**WORK INSTRUCTION**. No line before the one holding "Deco Logo | Black with Gold hardware" is wanted; restate word for word that line and all lines after it to the end of the entries, excluding pictures.

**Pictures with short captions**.
# # # #

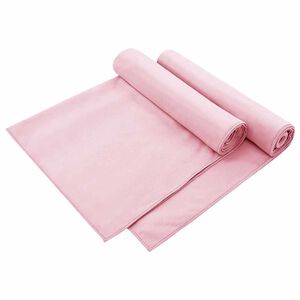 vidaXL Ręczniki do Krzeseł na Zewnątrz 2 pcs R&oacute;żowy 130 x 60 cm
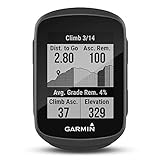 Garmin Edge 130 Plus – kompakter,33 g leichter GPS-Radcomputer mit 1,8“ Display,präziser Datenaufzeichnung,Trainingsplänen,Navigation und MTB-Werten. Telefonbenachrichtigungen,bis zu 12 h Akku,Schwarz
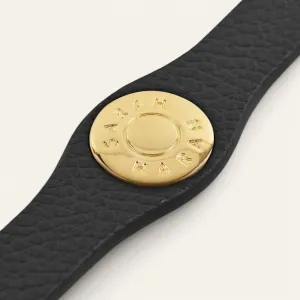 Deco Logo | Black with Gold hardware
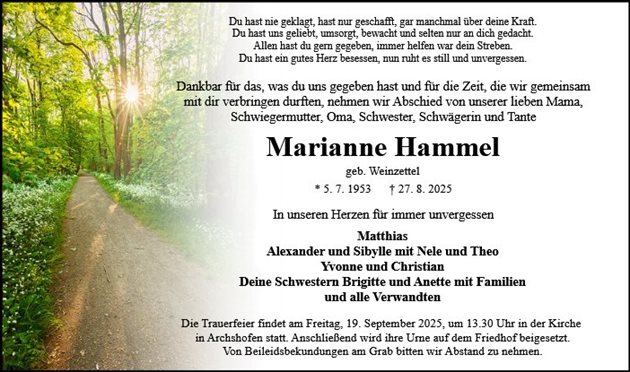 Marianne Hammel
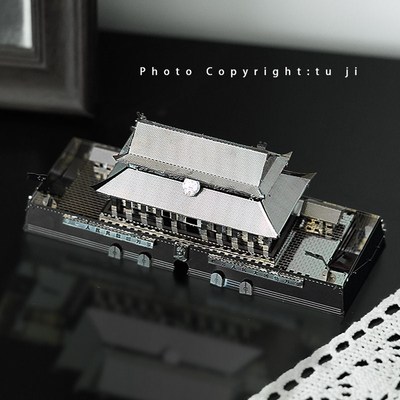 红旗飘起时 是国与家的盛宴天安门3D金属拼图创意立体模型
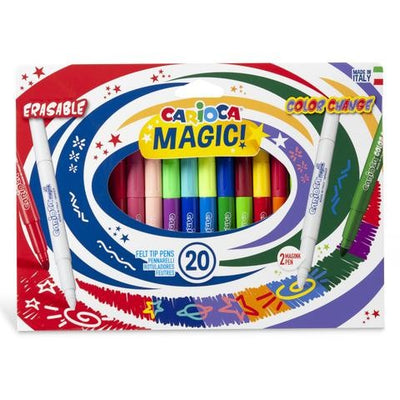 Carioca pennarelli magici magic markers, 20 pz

# # # #

**SOLUTION TO THIS PROBLEM**.
 Deco Logo | Black with Gold hardware
 Marianne Hammel
 红旗飘起时 是国与家的盛宴天安门3D金属拼图创意立体模型
 Carioca pennarelli magici magic markers, 20 pz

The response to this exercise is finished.